President-Elect Trump’s expressions of distaste for and hostility towards the press were a regular feature of his election campaign. He blacklisted certain media outlets from his rallies, repeatedly threatened to sue the New York Times, and vowed to “open up” the libel laws to make it easier to sue the press. Whether he intends to follow through with his threats—and indeed, many of his campaign promises—is far from clear. But based on his statements and actions to date, President-Elect Trump appears to pose a truly unprecedented threat to freedom of the press in the United States.
If Trump is looking for advice on how one might beat a nation’s press into submission, he might pick up the phone and call Turkish President Recep Tayyip Erdogan. Under Erdogan’s leadership, Turkey has become the world’s leading jailer of journalists. His efforts to intimidate and silence the Turkish press date back to at least 2012, but they have taken on a new force since the failed attempt to overthrow the government in July of this year. At least 120 journalists have been jailed just since the coup. Some 150 news outlets have been shut down; others have been transferred to businessmen with ties to the government.
Two facts about this assault on the press are particularly unsettling. First, the campaign appears to be working. The surviving independent newspapers have, it appears, been successfully intimidated to some degree. The perception among observers is that they are “beginning to pull their punches” on the Erdogan government. And the effect is unlikely to be confined to journalists. In an eloquent essay in the New Yorker, Turkish novelist Elif Shafak explains that while authoritarianism poses a risk to all forms of art, the prose writer is at particular risk. Citing George Orwell, Shafak notes that the prose writer cannot control his thoughts without “killing his inventiveness,” and that the choice for the writer in an authoritarian regime is between “silence” and “death.” This silence can be corrupting:
Silence is a strange thing, a gooey, sticky substance that sours the longer you keep it inside your mouth, like a gum gone rotten without your being aware. And it carries a contagion: strangely, silence loves company. It is easier to remain silent when others, too, do the same. Silence hates individuality. Silence hates solitude.

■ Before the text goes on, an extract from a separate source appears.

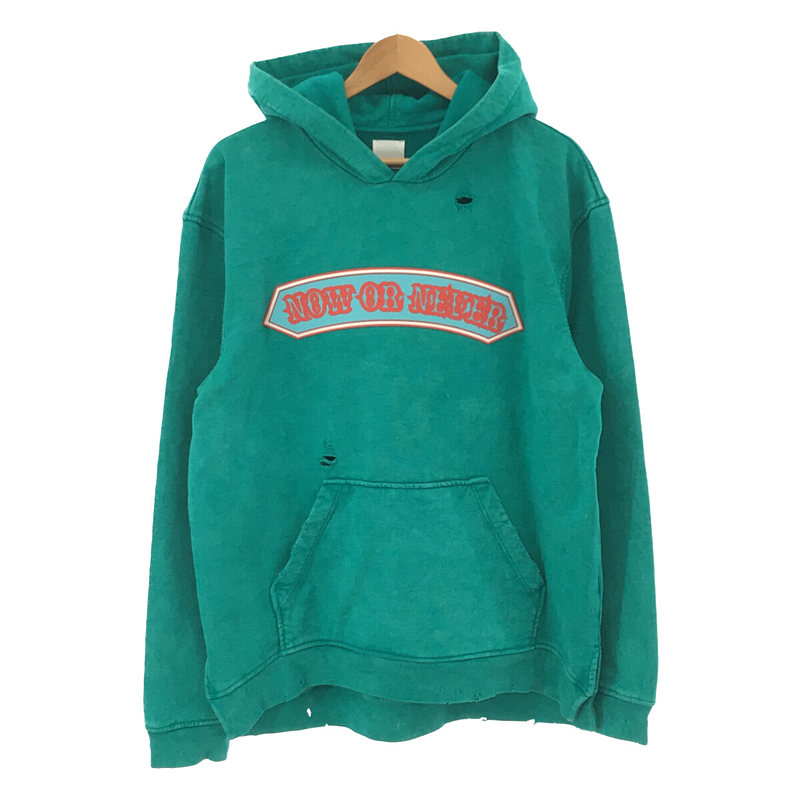 NOW OR NEVER HOODIE USA製 ダメージ加工 ビッグシルエット プル ...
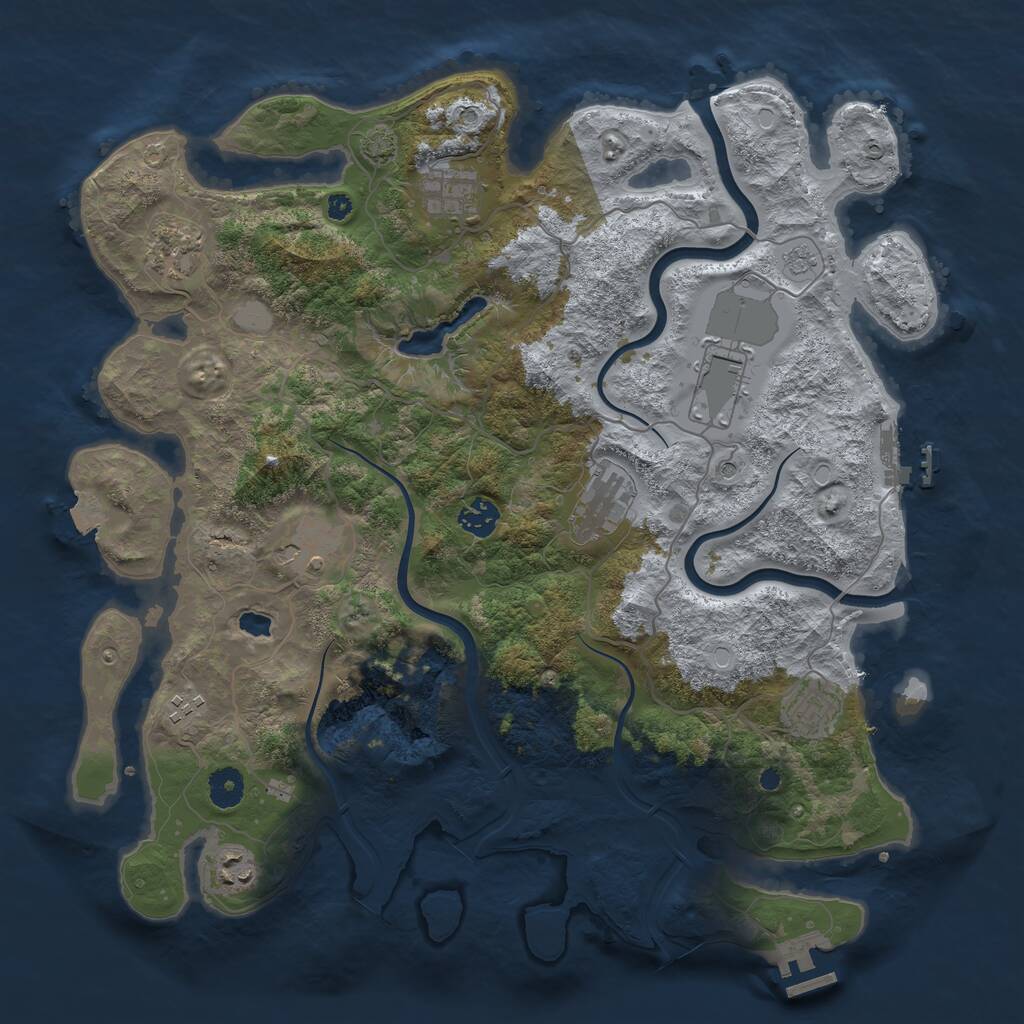 Rust Map: Procedural Map, Size: 4000, Seed: 768609343, 15 Monuments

A second disconcerting fact is that no end to this campaign—and to Erdogan’s attempts to expand his power more generally—is in sight. Predictably, Erdogan’s popularity soared in the aftermath of the failed coup. This is so because the forces who orchestrated the coup—Fethullah Gulen, a cleric living in exile in Pennsylvania, and his followers—presented a very real threat to the stability of the Turkish state. As a close friend put it to me, the Turkish people see Erdogan as the lesser of two evils. They are “sick and tired” of his government, but recognize that a successful coup would have plunged the country into instability and chaos. Stability is hard to come by in that region, and it is worth fighting for—even if it comes at the cost of authoritarianism.
It may be hard for some to imagine such a brutal attack on the press transpiring in the United States. American courts have, by and large, shown themselves to be guardians of the First Amendment, and efforts to jail journalists would be met with an outcry from the American public. That may be so—for now. Threats to national security, real and imagined, can displace deep-seated principles overnight. The inconceivable becomes normal—even obvious. And even if he doesn’t replicate Erdogan’s campaign, President Trump could maintain or intensify efforts that President Obama undertook to stymie the press, including seeking to jail journalists who refuse to identify their confidential sources and vigorously resisting freedom of information requests. One hopes, however, that these actions would be met with more scrutiny from the public than they were under President Obama.